WHAT TO DO:
Your response should contain exactly the lines running from the one with "baseball crossed bats vector image" to the end of the data below, both included, and no pictures.

INPUT RECORDS:
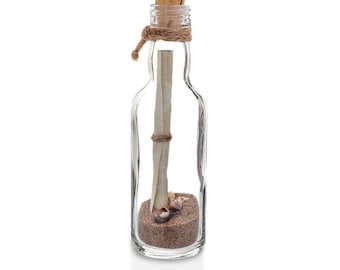 Beach Wedding Invitations | Personalised Traditional Message in a Bottle with Gift Box
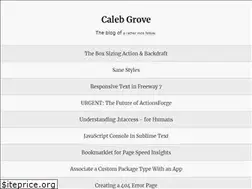 Sites similar to calebgrove.com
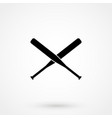 baseball crossed bats vector image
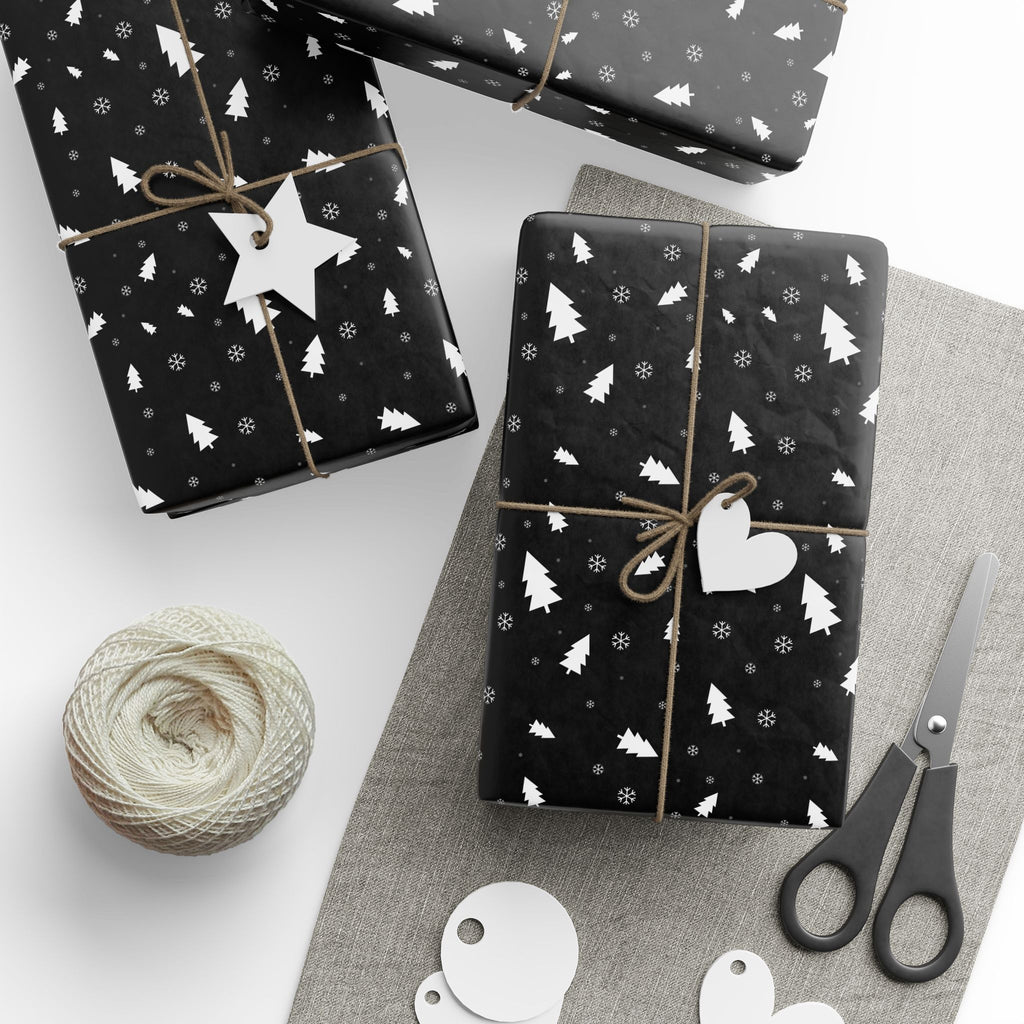 Christmas Blackout Wrapping Paper | Holiday Gift Wrapping Paper Roll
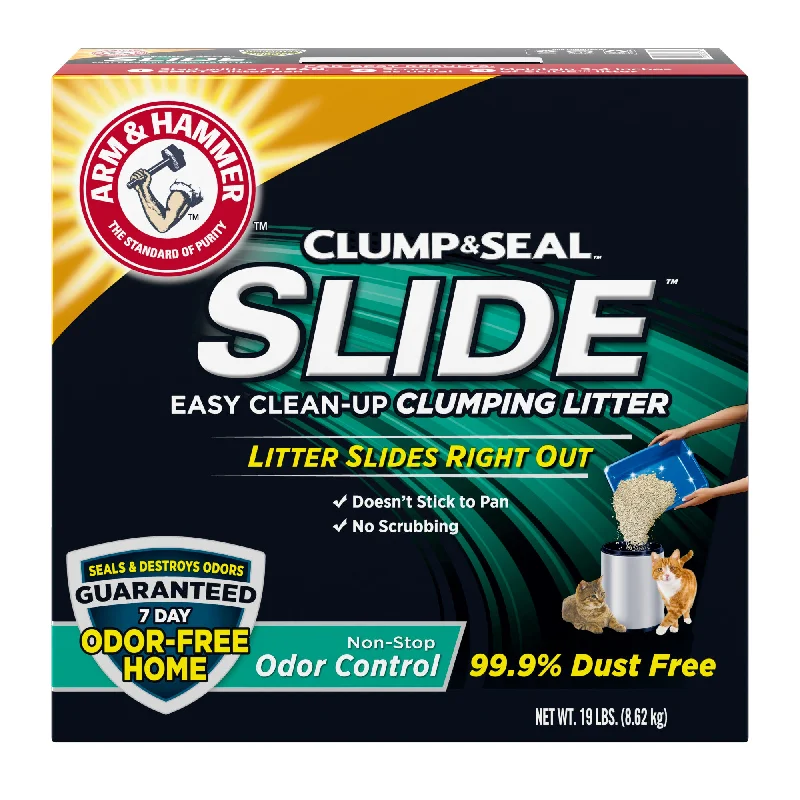 Arm & Hammer Slide Odor Control Easy Clean-Up Clumping Cat Litter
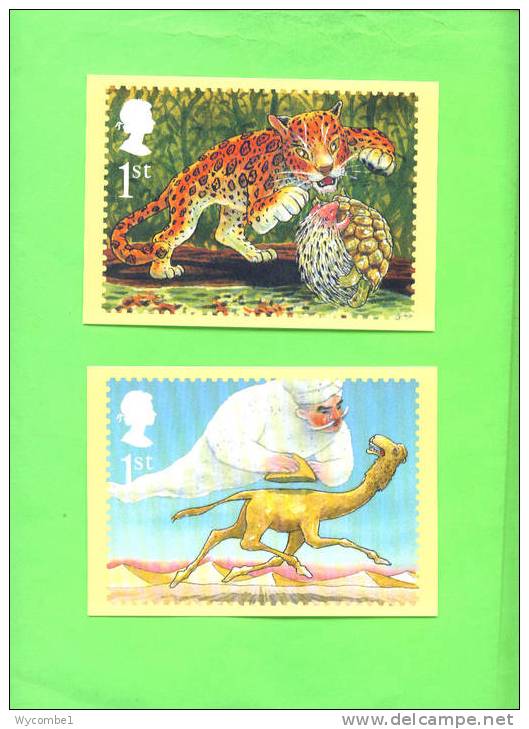 PHQ237 2002 Kipling's Just So Stories - Set Of 10 Mint - Cartes PHQ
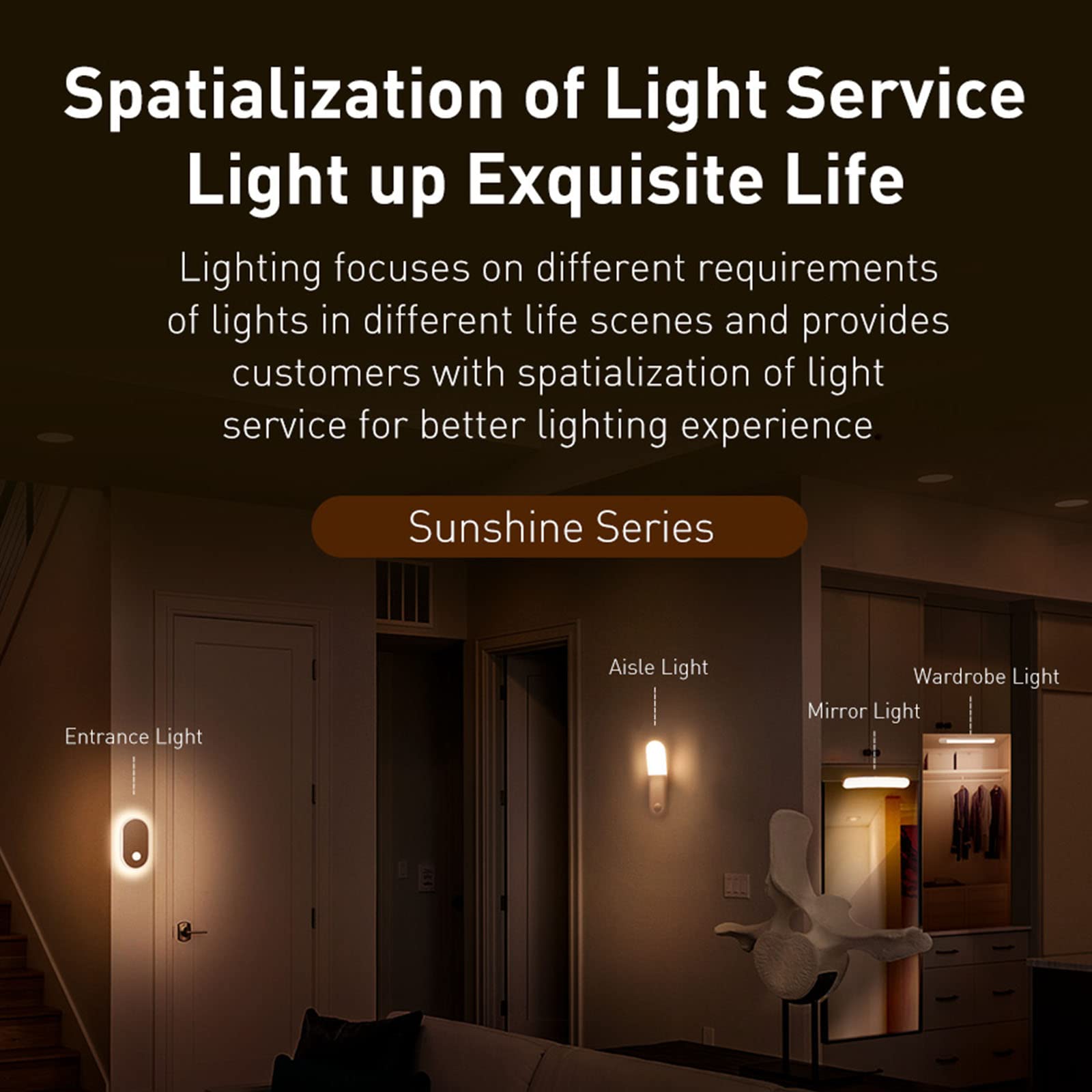 Luz De Noche Magnética LED,Luz De Emergencia De Ahorro Energía Recargable USB De Inducción del Cuerpo Humano, Lámpara De Pared De Lectura Junto Cama del Dormitorio del Pasillo,Natural Light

ANSWER FOR THIS EXERCISE:
 baseball crossed bats vector image
 Christmas Blackout Wrapping Paper | Holiday Gift Wrapping Paper Roll
 Arm & Hammer Slide Odor Control Easy Clean-Up Clumping Cat Litter
 PHQ237 2002 Kipling's Just So Stories - Set Of 10 Mint - Cartes PHQ
 Luz De Noche Magnética LED,Luz De Emergencia De Ahorro Energía Recargable USB De Inducción del Cuerpo Humano, Lámpara De Pared De Lectura Junto Cama del Dormitorio del Pasillo,Natural Light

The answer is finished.